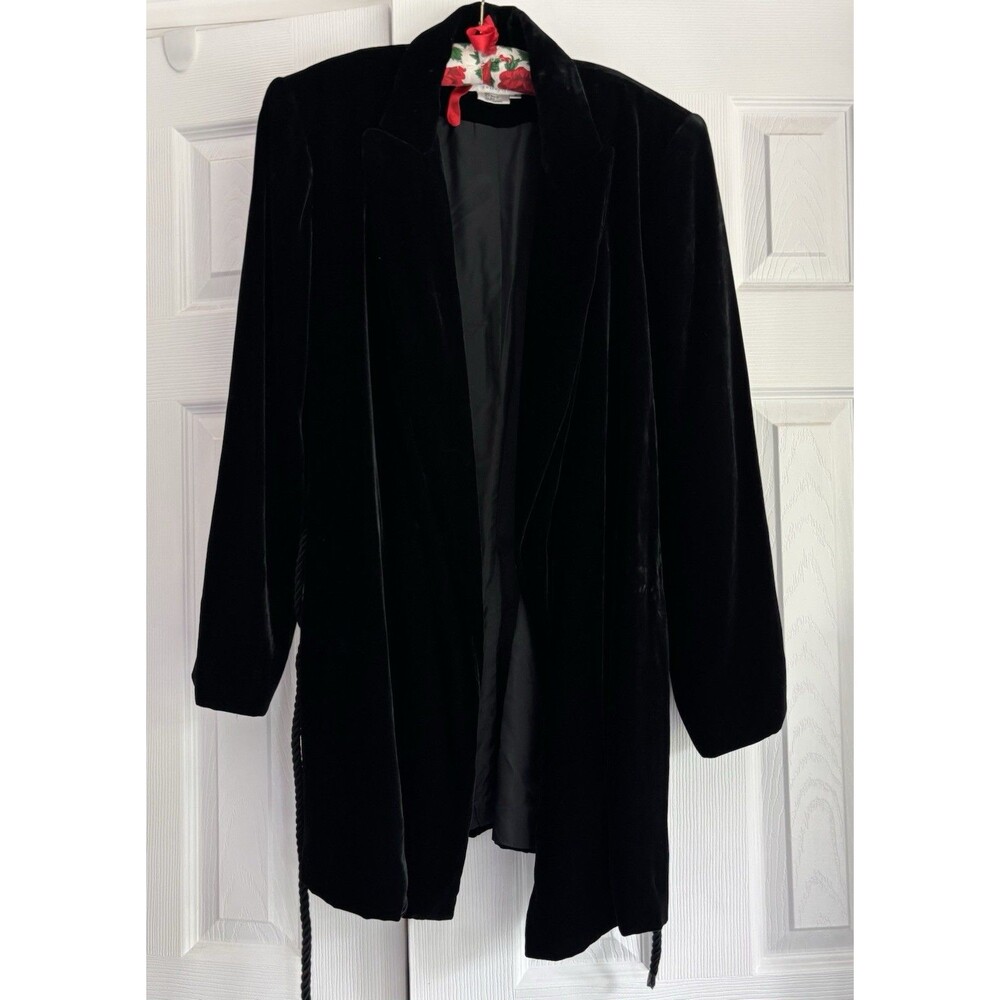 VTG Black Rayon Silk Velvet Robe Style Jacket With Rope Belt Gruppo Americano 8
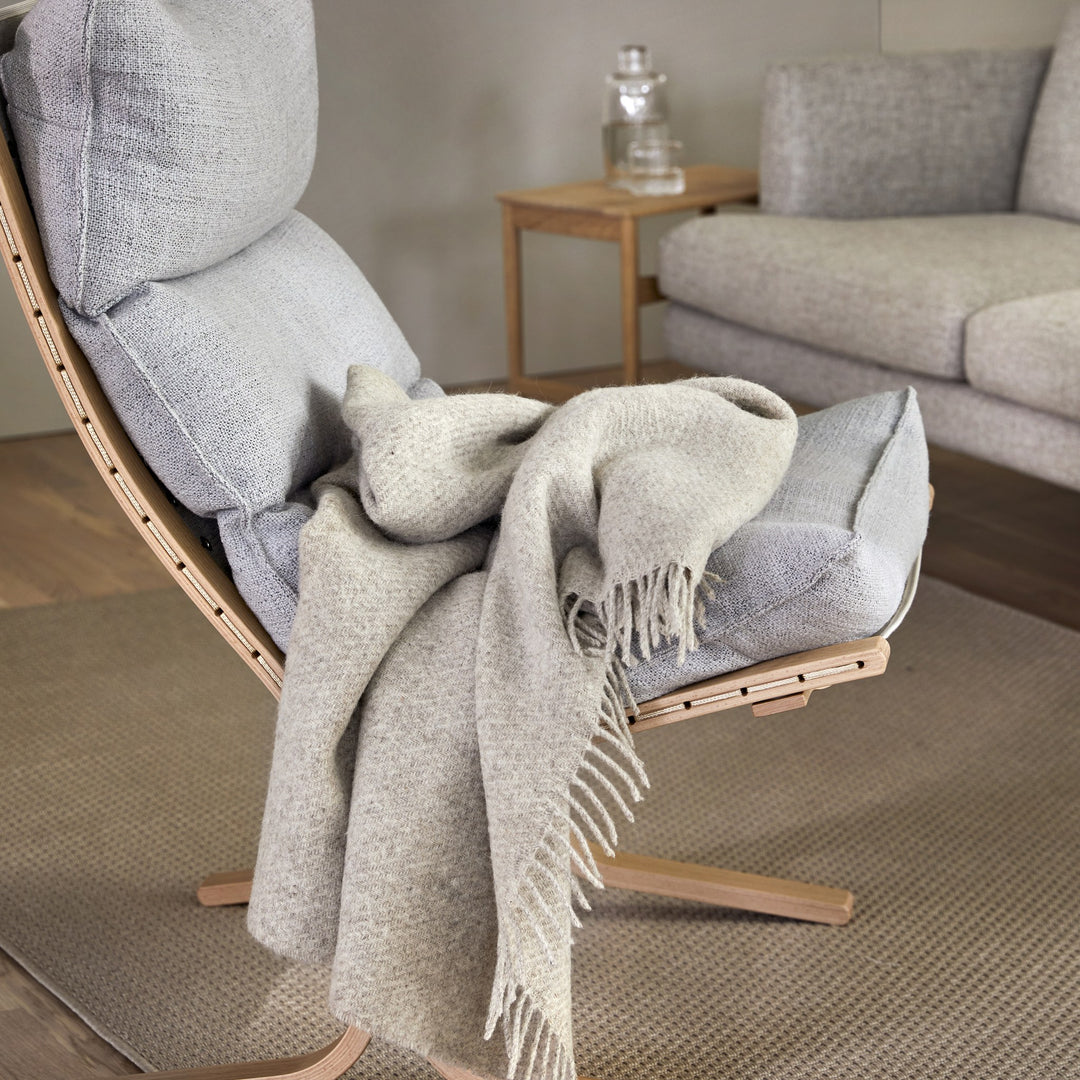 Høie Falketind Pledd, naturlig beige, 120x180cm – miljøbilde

* * *

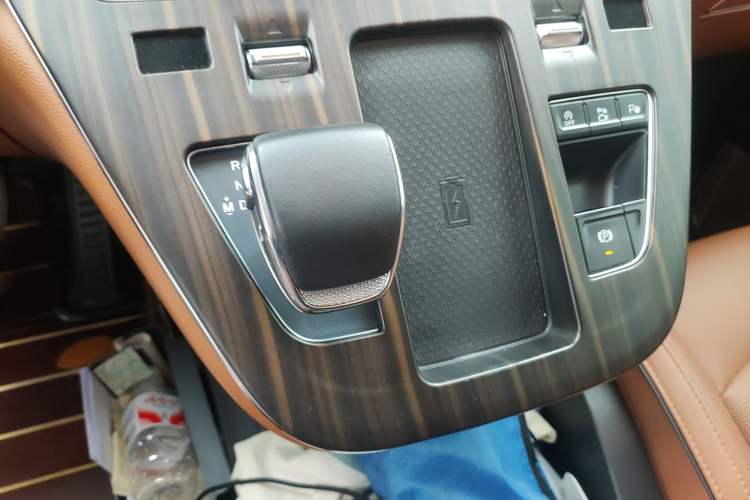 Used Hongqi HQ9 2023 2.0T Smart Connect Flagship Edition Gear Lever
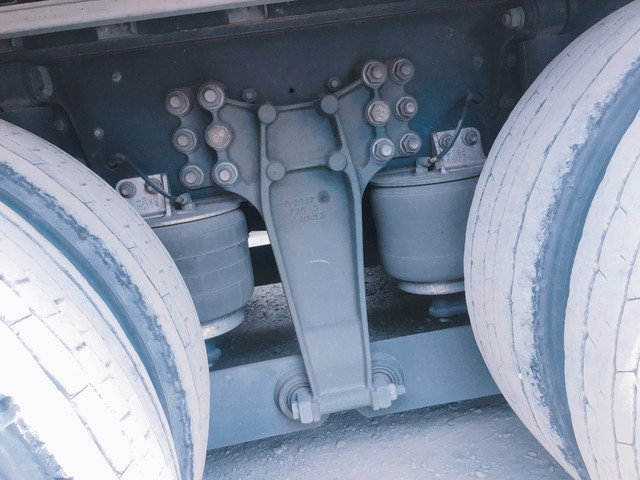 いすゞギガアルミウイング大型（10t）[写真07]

---

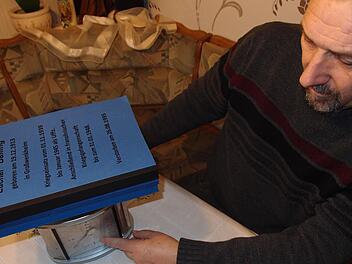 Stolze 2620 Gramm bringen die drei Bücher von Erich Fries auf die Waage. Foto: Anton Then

Exercise:
Each line between the one holding "VTG Black Rayon" and the one holding "Høie Falketind Pledd, naturlig", inclusive, should be copied exactly as it appears above, and pictures should be omitted.

Task response:
 VTG Black Rayon Silk Velvet Robe Style Jacket With Rope Belt Gruppo Americano 8
 Høie Falketind Pledd, naturlig beige, 120x180cm – miljøbilde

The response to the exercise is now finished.